Top of Source records

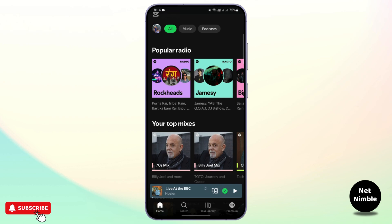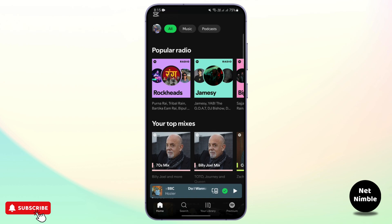And that is how you should fix your Spotify student premium not working. Please be sure to like, subscribe, and click the bell icon for more helpful tutorials. Thank you for watching and we will see you in the next video.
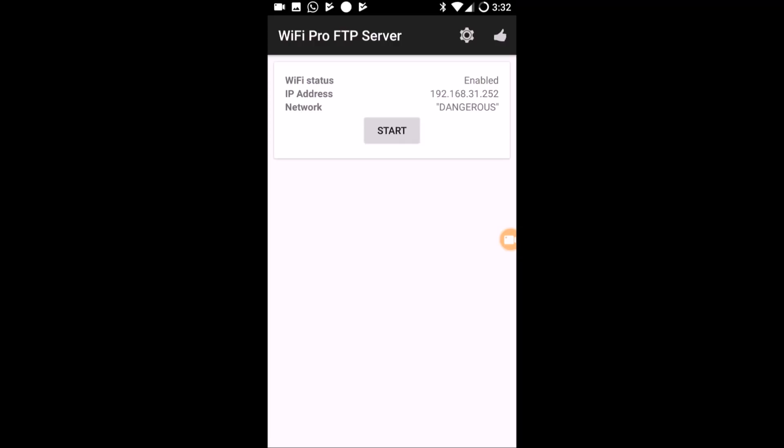Now I'm on my PC. I'll open File Explorer, go to This PC, press the application key to open the context menu, and select Map Network Drive. I navigate to the option 'Connect to a website that you can use to store your documents and pictures' and press Next to add a network location.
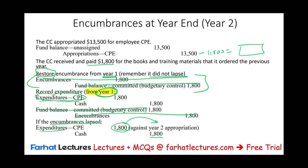I hope this exercise gave you a better idea about how encumbrance accounts work. Go to Farhat Lectures for additional resources — MCQs, lectures — to help you whether you are studying for your CPA exam or taking a governmental accounting course. Invest in your career, invest in yourself. It's worth it. Good luck, study hard, and stay safe.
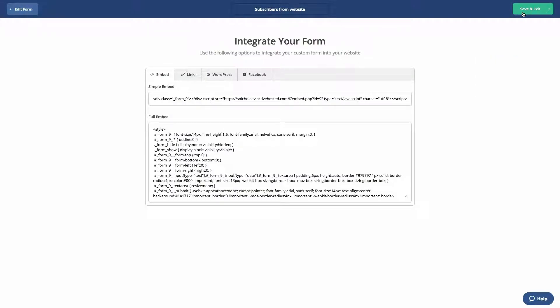The first is the embed option. Here you can choose from simple embed or full embed. The simple embed uses JavaScript that you can paste into your site. Any changes you make to the form in your ActiveCampaign account will be reflected in your published form right away.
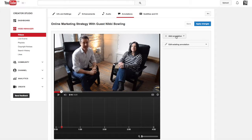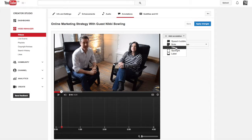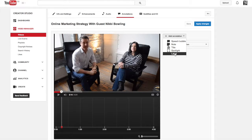In the top right hand corner where it says 'add annotations' — not rocket science — click on that and you can choose from a selection of annotations. You've got your speech bubble, a note, and a title — that's not a clickable annotation, it's just putting a title on your video. There's also spotlight, which lets you put a clickable overlay over an image or icon already edited into your video. And there's label, which I've never used, so I won't speculate.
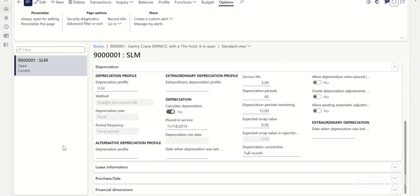After refreshing, the acquisition date is back to 2019 and placed-in-service date is also restored to 2019. In this way, the original acquisition date is in place, placed-in-service date is in place, depreciation periods and remaining periods are in place, and acquisition price is also in place.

Bottom of Source records

Extract word for word every line from the line that contains "The first is" to the final line of the data, both included, and nothing else; skip the pictures.

The first is the embed option. Here you can choose from simple embed or full embed. The simple embed uses JavaScript that you can paste into your site. Any changes you make to the form in your ActiveCampaign account will be reflected in your published form right away.
In the top right hand corner where it says 'add annotations' — not rocket science — click on that and you can choose from a selection of annotations. You've got your speech bubble, a note, and a title — that's not a clickable annotation, it's just putting a title on your video. There's also spotlight, which lets you put a clickable overlay over an image or icon already edited into your video. And there's label, which I've never used, so I won't speculate.
After refreshing, the acquisition date is back to 2019 and placed-in-service date is also restored to 2019. In this way, the original acquisition date is in place, placed-in-service date is in place, depreciation periods and remaining periods are in place, and acquisition price is also in place.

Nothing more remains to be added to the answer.